CHAPTER XXV. NOT THE LAST WORD.
As soon as he could decently leave his cousin at home, he did; and then he walked hastily down to the house in which Mrs. Rosewarne had taken rooms. Miss Rosewarne was not at home, the small maid-servant said. Was Mrs. Rosewarne? Yes; so he would see her.
He went up stairs, never thinking how his deep trouble about so insignificant an incident would strike a third person.
"Mrs. Rosewarne," he said right out, "I want you to tell me if Wenna wishes our acquaintance to end. Has she been speaking to you? Just now she passed me in the street as if she did not wish to see me again."
"Probably," said Mrs. Rosewarne, amused as well as surprised by the young man's impetuosity, "she did not see you then. Wenna often passes people so. Most likely she was thinking about other things, for she had another letter from Jamaica just before she went out."
"Oh, she has had another letter from Jamaica this morning?" Trelyon said, with an angry light appearing in his eyes. "That is it, is it?"
"I don't understand you," Mrs. Rosewarne was saying, when both of them heard Wenna enter below.

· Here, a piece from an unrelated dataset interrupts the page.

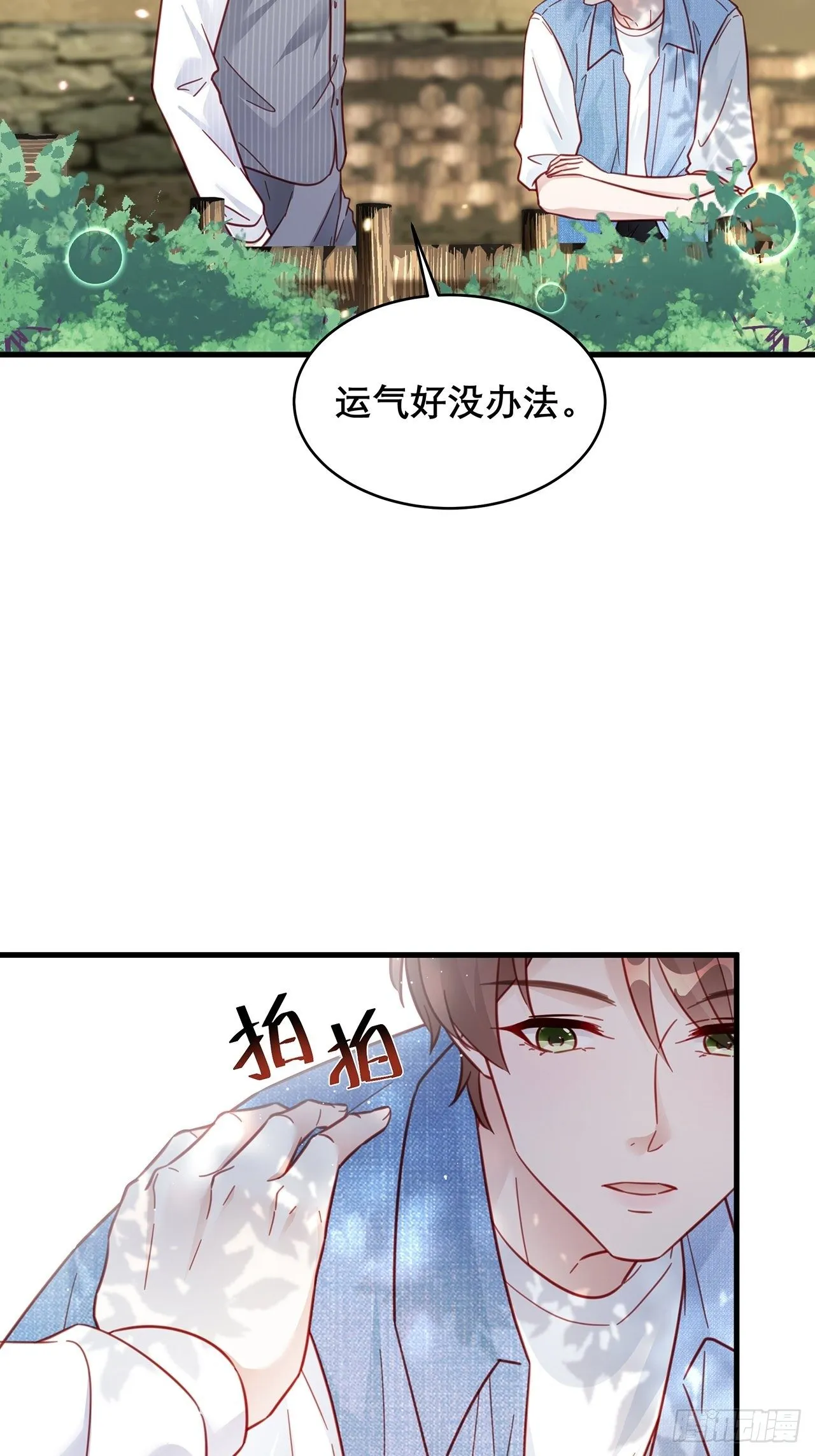 030 似曾相识的背影 第35页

"Mrs. Rosewarne," he said with a sudden entreaty in his voice, "would you mind letting me see Wenna alone for a couple of minutes? I want to ask her if she is offended with me: you won't mind, will you?"
"Not in the least," she said, good-naturedly; and then she added, at the door, "Mind, Mr. Trelyon, Wenna is easily hurt. You must speak gently to her."
About a minute afterward Wenna, having laid her hat and shawl aside, came into the room. When she found Trelyon there alone, she almost shrank back, and her face paled somewhat: then she forced herself to go forward and shake hands with him, though her face still wore a frightened and constrained look.